Dr. Cross took a deep breath and looked past her. “But it’s not like
before.”
“I know that.”
“Do you really think you’ll be able to watch him die all over again? Timmy’s only a child, but he will become what Henry was – he’ll forget things and get frustrated and possibly even lash out…and in the end, like Henry, he might not even know who you are. Can you go through all that again?”
Can I?
“It’s not a question of if I can,” Nora said. “I’m going to and that’s the end of it. Timmy needs a home for as long as he has left and I’m going to give it to him. But thank you, Martin. I know what you’re trying to tell me and I know how hard it’s going to be, but there’s nothing else I can do. If the situation was reversed, if I’d died and some poor little child took over this body, I know Henry’d be doing the same thing.”

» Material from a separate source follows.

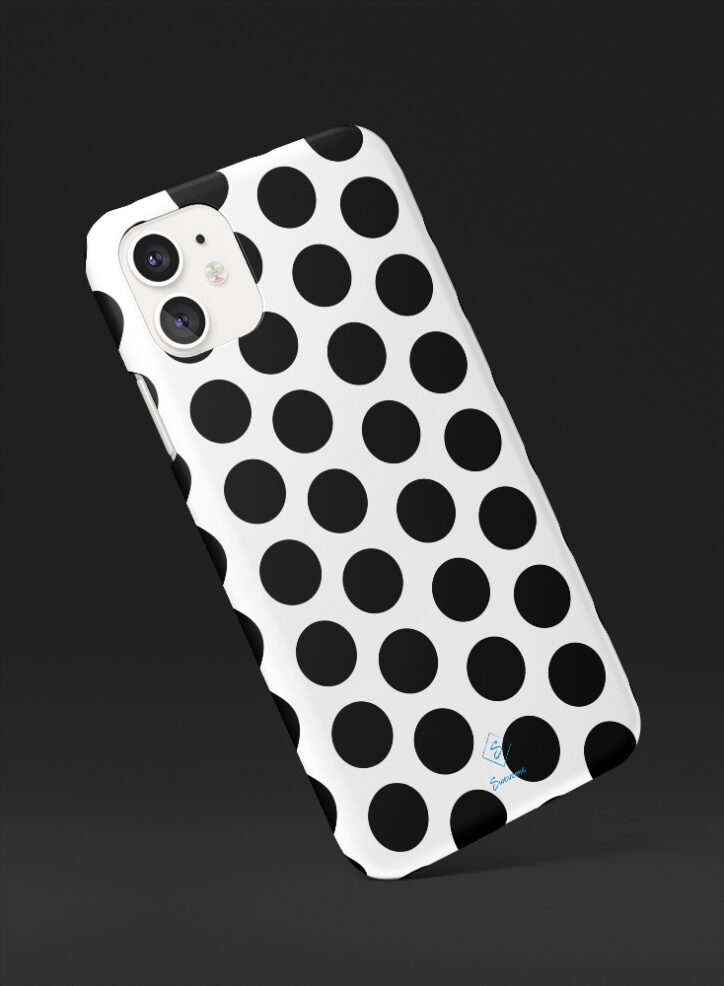 Big Black dots in white background phone case side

“But why put yourself through it?”
“Because right now I’m the only one that little boy has…even if he doesn’t know me that well. His family buried him almost sixty years ago. Even if his parents or siblings are alive, do you think they’d want to see him like this? Do you think they’d recognize him the way he looks now, or even believe you about what happened? His parents would be about my age, I guess – what do you think it’d do to them…or to Timmy if they saw each other? He wouldn’t understand what happened and it’d scare him.”
Dr. Cross rubbed his eyes but when he lowered his hands he was still looking over her shoulder.
“You’re right, it would. God, I can’t even imagine what it’s like for him and the others.”
“No one can, but I think Timmy’s the luckiest of them. He’s just a little boy and little boys are tough, they have to be – that’s how they grow up to be men.” Nora followed Dr. Cross’s gaze back to Timmy. There was ice cream all down the front of him, but he was happy. “How long does he have, Martin?”
“It’s no easier to say now than before, but…maybe a month, six weeks? I don’t think it will be much longer than that.”
“Six weeks isn’t very long.”
“No.”
“Unless you’re a little boy who doesn’t have to go to school and can watch cartoons all day long and help an old lady eat the cookies she bakes.”